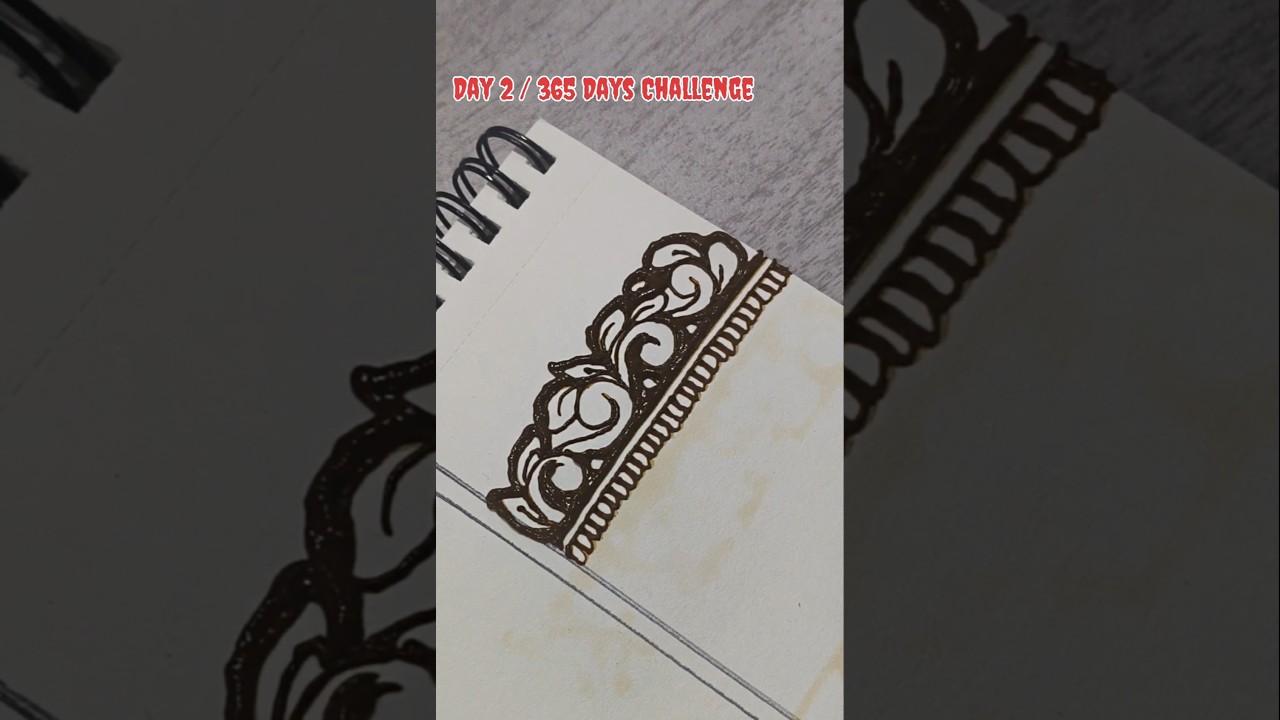 Simple Mehndi Border Design for Beginners | Day 2 Challenge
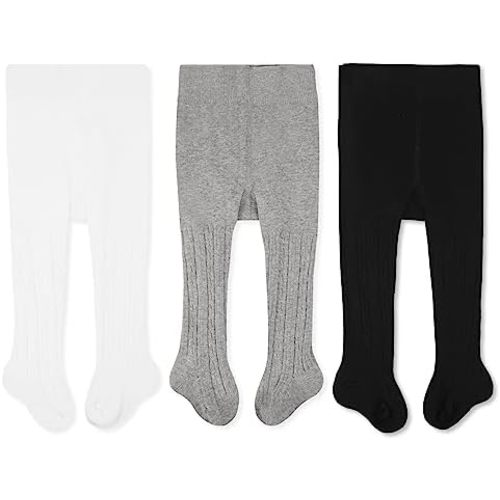 CozyWay Baby & Toddler Tights - Baby Girl and Boy Leggins Cable Knit Comfy Cotton Infant Multicolor - 3 Pack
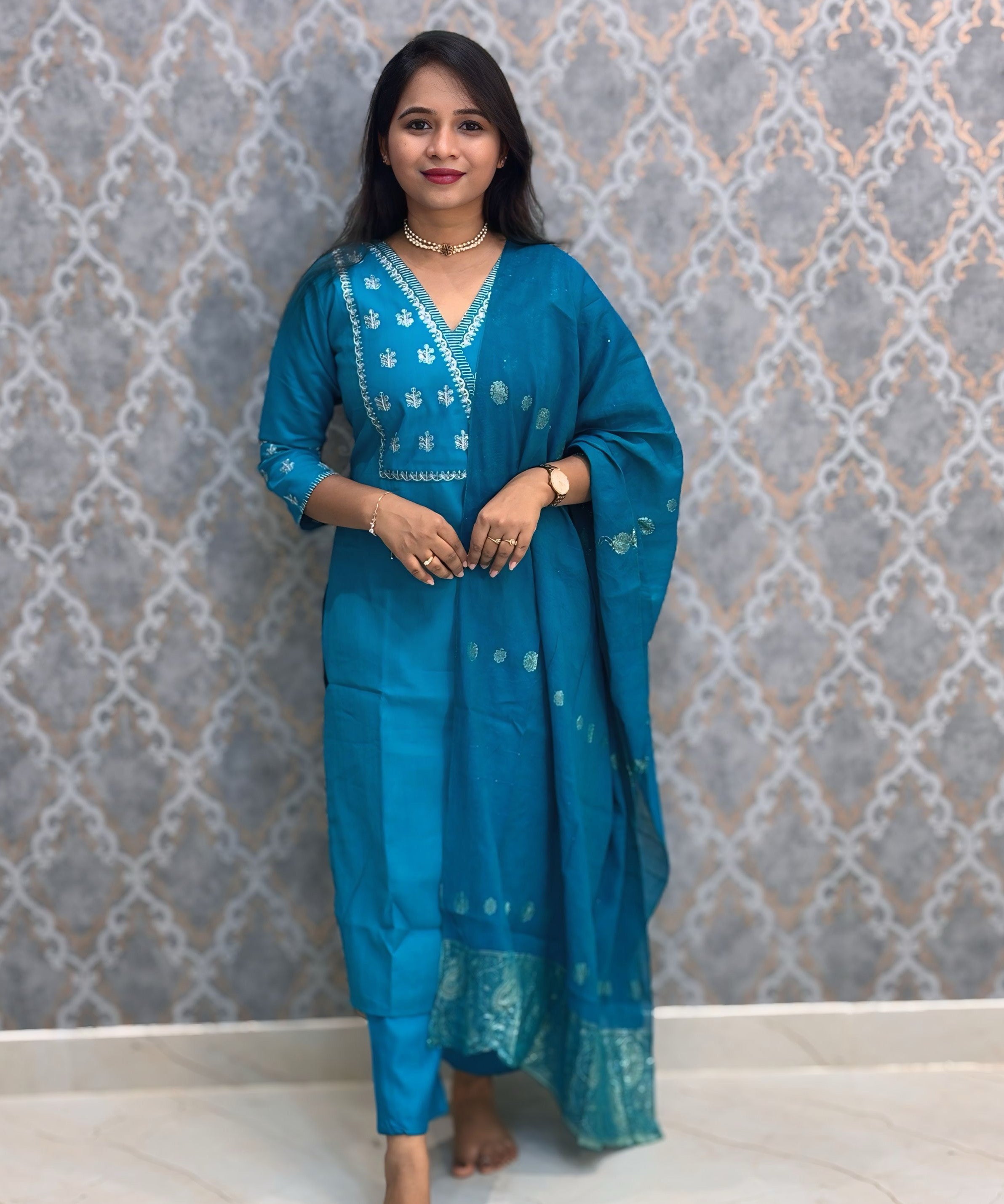 Peacock Blue Color V Neck Designer Ethnic Salwar Set / ESS378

YOUR GOAL
Return the whole of the material above exactly, with no picture carried over.

ANSWER SECTION
 Simple Mehndi Border Design for Beginners | Day 2 Challenge
 CozyWay Baby & Toddler Tights - Baby Girl and Boy Leggins Cable Knit Comfy Cotton Infant Multicolor - 3 Pack
 Peacock Blue Color V Neck Designer Ethnic Salwar Set / ESS378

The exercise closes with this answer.